The adios_db.models.oil.distillation.Distillation holds distillation cut data. It contains information about the distillation process, and the cut data itself. The distillation cuts are stored in a distillation cut list, with a set of fraction: temperature pairs. The is a utility constructor to generate the cut list from arrays of data. For example:

from adios_db.models.oil.distillation import Distillation, DistCutList
from adios_db.models.common.measurement import Temperature, Concentration

fractions = (1.5, 2.8, 12.4, 23.5, 44.3, 63.9, 82.7, 91.7, 96.2, 98.8)
temps = (36.0, 69.0, 119.0, 173.0, 283.0, 391.0, 513.0, 604.0, 672.0, 729.0)

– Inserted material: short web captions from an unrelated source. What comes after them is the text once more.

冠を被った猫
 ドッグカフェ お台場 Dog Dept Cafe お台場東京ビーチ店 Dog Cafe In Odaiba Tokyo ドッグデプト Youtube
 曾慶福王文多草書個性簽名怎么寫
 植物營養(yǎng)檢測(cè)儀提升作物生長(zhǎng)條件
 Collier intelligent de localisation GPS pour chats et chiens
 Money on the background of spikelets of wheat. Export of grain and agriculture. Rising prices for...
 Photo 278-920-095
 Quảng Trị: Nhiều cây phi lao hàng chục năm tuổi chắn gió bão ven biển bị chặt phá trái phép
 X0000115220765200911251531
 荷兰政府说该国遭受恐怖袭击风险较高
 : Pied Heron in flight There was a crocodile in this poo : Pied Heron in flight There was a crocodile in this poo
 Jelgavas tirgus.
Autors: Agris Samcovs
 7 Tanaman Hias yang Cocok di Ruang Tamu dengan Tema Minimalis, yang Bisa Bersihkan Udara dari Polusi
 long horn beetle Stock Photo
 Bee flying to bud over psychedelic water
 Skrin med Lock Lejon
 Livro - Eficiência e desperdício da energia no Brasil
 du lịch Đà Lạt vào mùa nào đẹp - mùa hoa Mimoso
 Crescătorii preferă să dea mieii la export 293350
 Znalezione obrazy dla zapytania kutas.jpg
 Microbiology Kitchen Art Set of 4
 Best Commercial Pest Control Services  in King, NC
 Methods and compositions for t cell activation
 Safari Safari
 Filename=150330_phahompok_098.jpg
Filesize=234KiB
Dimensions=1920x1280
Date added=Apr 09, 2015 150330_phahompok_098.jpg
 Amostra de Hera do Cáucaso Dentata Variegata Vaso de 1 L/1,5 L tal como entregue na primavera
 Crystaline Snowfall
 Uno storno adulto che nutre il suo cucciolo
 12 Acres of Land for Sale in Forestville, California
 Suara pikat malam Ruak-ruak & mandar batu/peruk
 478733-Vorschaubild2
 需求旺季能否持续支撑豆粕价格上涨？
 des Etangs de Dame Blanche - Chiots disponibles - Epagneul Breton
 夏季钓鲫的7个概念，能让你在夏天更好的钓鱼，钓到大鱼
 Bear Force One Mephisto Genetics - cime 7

dct = DistCutList.from_data_arrays(fractions=fractions,
                                   temps=temps,
                                   frac_unit='percent',
                                   temp_unit='C'
                                   )

# and now a Distillation object can be created

dist_data = Distillation(type="mass fraction",
                         method="some arbitrary method",
                         end_point=Temperature(value=15, unit="C"),
                         fraction_recovered=Concentration(value=0.8,
                                                          unit="fraction"),
                         cuts=dct
                        )

# this can be added to the Sample:
sample.distillation_data = dist_data

# which could be in an Oil object:
sample = oil.sub_samples[0].distillation_data = dist_data

Example Scripts

There are a number of example scripts in the top-level scripts directory in the source code.

adios_db/scripts

These are various scripts used to do one-off cleanup or manipulation of the data. It is unlikely that you will want to run any of these directly, but they can be used as examples to follow.